* Problem statement
Return exactly the lines from the "Essential Coding to" line through the last line of the entries below. Include no pictures.

* Data for processing

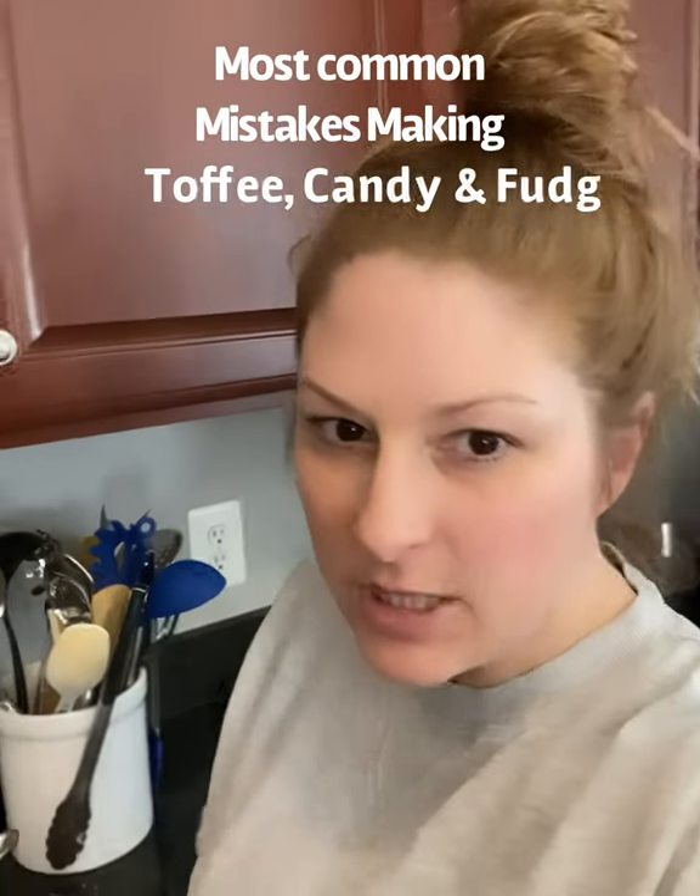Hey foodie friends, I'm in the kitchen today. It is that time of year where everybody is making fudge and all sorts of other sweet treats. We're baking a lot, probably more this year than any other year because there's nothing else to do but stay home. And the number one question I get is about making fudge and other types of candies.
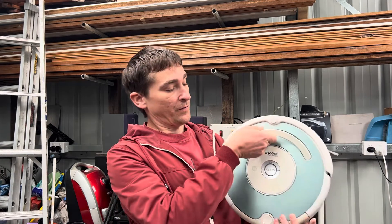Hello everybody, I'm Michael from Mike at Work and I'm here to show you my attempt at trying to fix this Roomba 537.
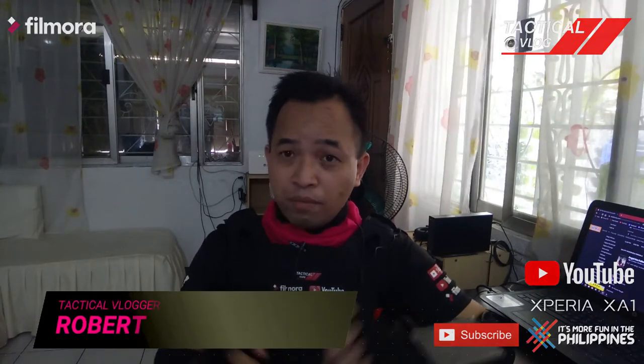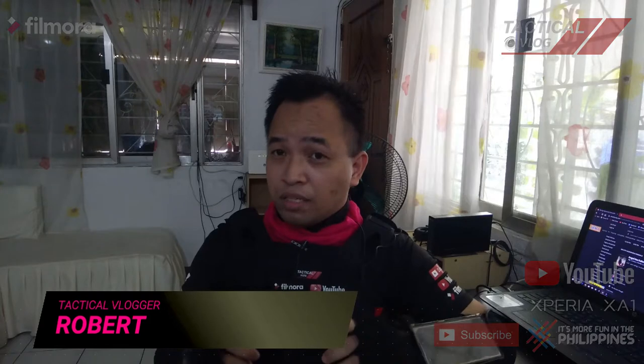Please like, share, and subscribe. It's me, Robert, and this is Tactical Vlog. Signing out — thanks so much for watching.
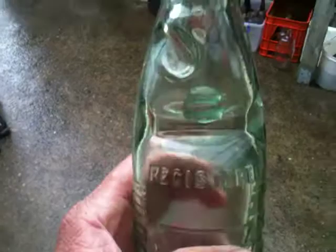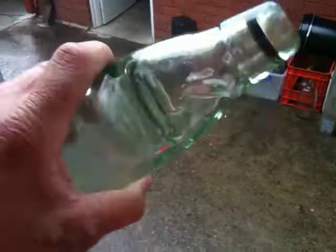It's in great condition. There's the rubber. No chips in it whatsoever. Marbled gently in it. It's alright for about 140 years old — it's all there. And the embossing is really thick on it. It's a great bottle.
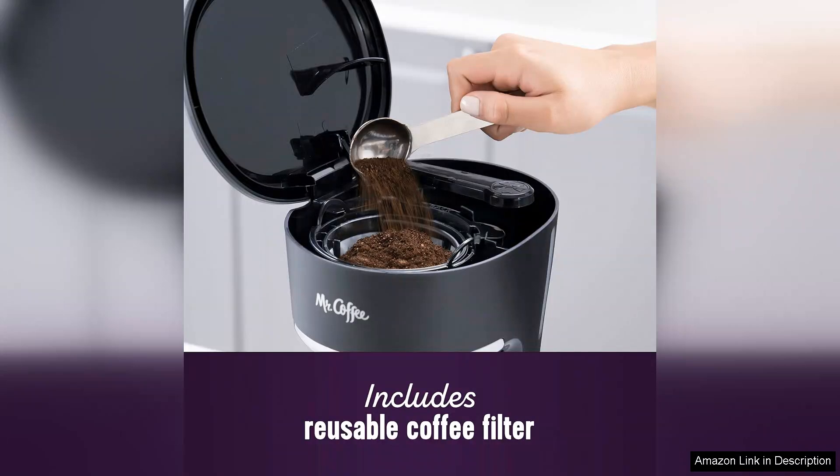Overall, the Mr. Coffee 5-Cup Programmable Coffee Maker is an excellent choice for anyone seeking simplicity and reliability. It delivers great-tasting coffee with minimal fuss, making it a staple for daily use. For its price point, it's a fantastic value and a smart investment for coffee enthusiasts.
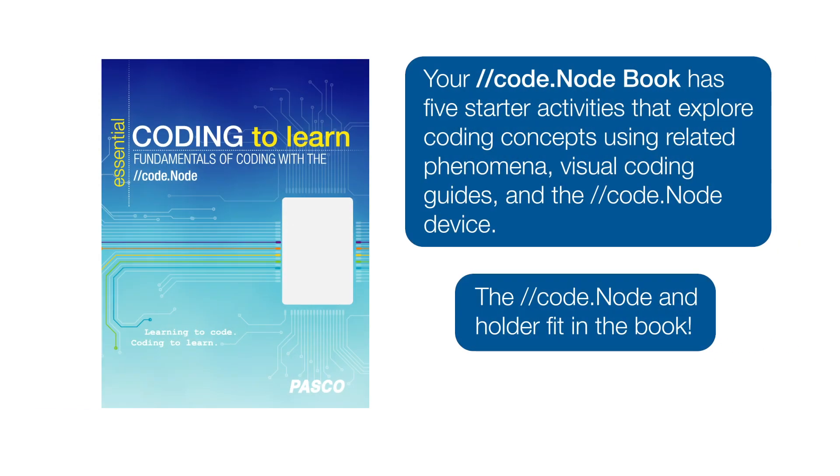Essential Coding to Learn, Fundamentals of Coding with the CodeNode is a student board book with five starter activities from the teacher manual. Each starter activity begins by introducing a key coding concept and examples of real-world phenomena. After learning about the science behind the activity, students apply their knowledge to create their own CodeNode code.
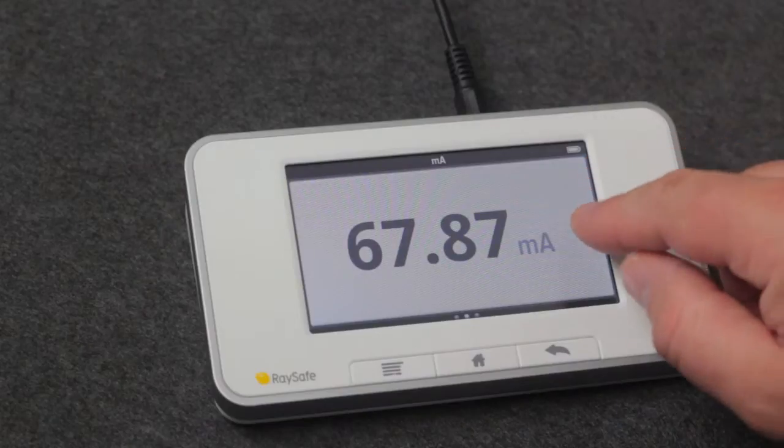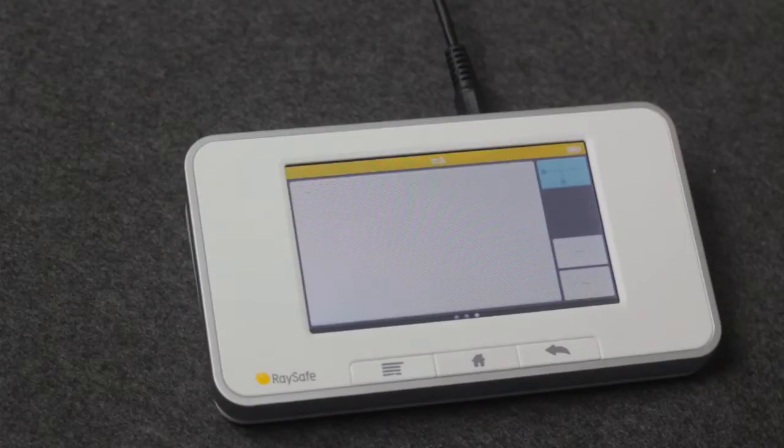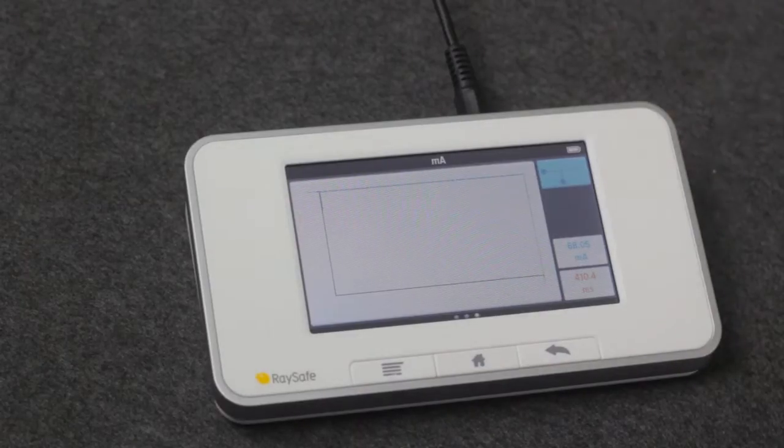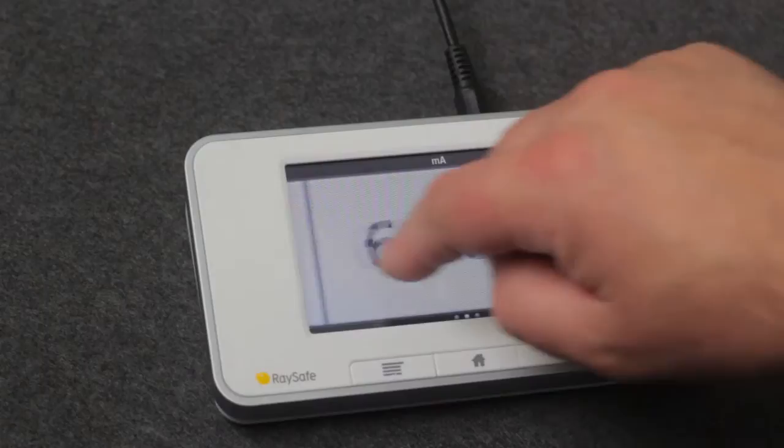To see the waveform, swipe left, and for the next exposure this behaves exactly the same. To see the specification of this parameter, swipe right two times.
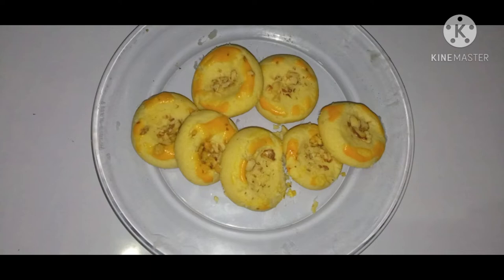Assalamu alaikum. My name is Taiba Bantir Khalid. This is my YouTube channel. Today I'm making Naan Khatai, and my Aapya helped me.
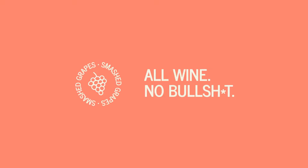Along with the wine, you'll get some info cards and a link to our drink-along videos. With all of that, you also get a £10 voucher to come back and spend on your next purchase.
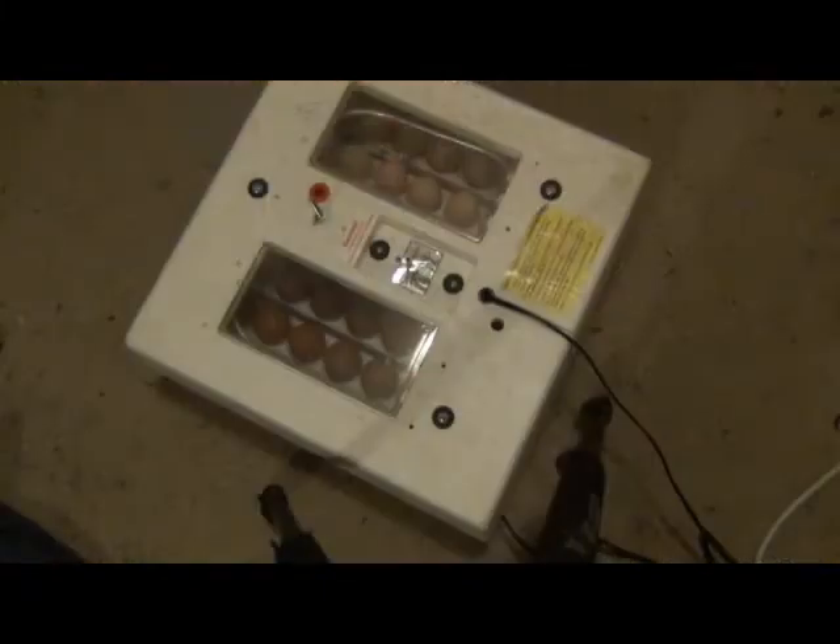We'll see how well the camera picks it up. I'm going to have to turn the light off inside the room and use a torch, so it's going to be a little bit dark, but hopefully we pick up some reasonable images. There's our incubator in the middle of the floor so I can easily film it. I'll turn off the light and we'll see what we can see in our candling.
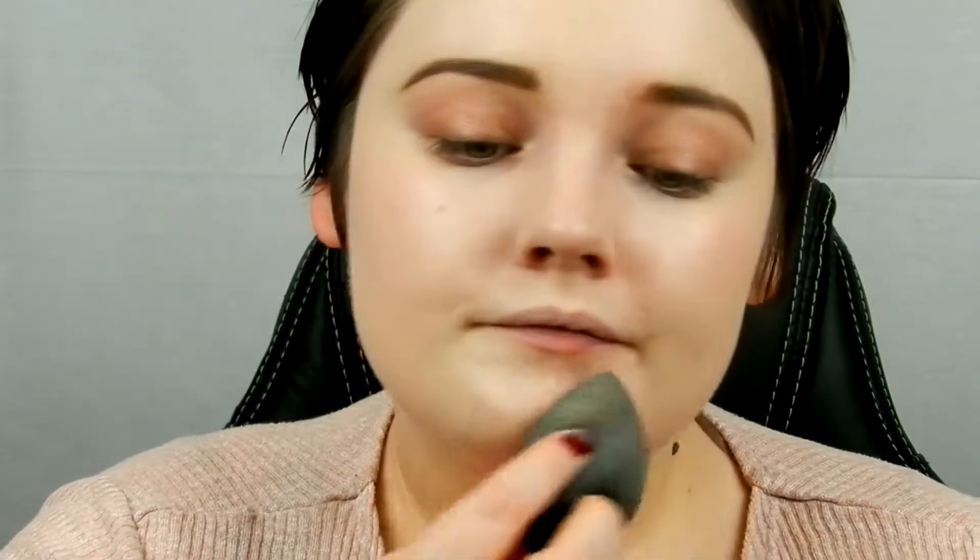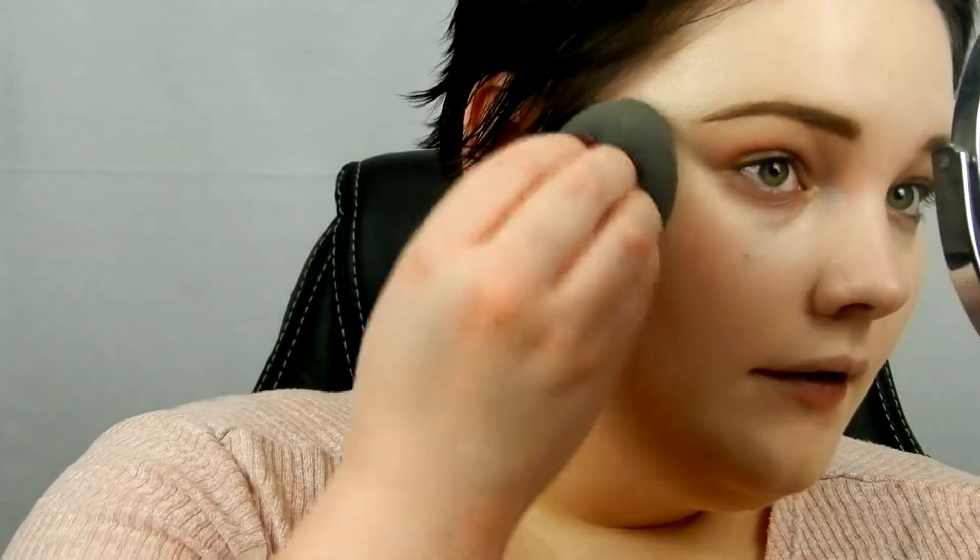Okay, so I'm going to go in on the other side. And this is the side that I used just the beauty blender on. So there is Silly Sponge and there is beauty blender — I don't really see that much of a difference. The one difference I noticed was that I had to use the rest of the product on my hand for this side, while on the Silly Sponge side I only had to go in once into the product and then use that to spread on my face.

* Answer section
Essential Coding to Learn, Fundamentals of Coding with the CodeNode is a student board book with five starter activities from the teacher manual. Each starter activity begins by introducing a key coding concept and examples of real-world phenomena. After learning about the science behind the activity, students apply their knowledge to create their own CodeNode code.
To see the waveform, swipe left, and for the next exposure this behaves exactly the same. To see the specification of this parameter, swipe right two times.
Assalamu alaikum. My name is Taiba Bantir Khalid. This is my YouTube channel. Today I'm making Naan Khatai, and my Aapya helped me.
Along with the wine, you'll get some info cards and a link to our drink-along videos. With all of that, you also get a £10 voucher to come back and spend on your next purchase.
We'll see how well the camera picks it up. I'm going to have to turn the light off inside the room and use a torch, so it's going to be a little bit dark, but hopefully we pick up some reasonable images. There's our incubator in the middle of the floor so I can easily film it. I'll turn off the light and we'll see what we can see in our candling.
Okay, so I'm going to go in on the other side. And this is the side that I used just the beauty blender on. So there is Silly Sponge and there is beauty blender — I don't really see that much of a difference. The one difference I noticed was that I had to use the rest of the product on my hand for this side, while on the Silly Sponge side I only had to go in once into the product and then use that to spread on my face.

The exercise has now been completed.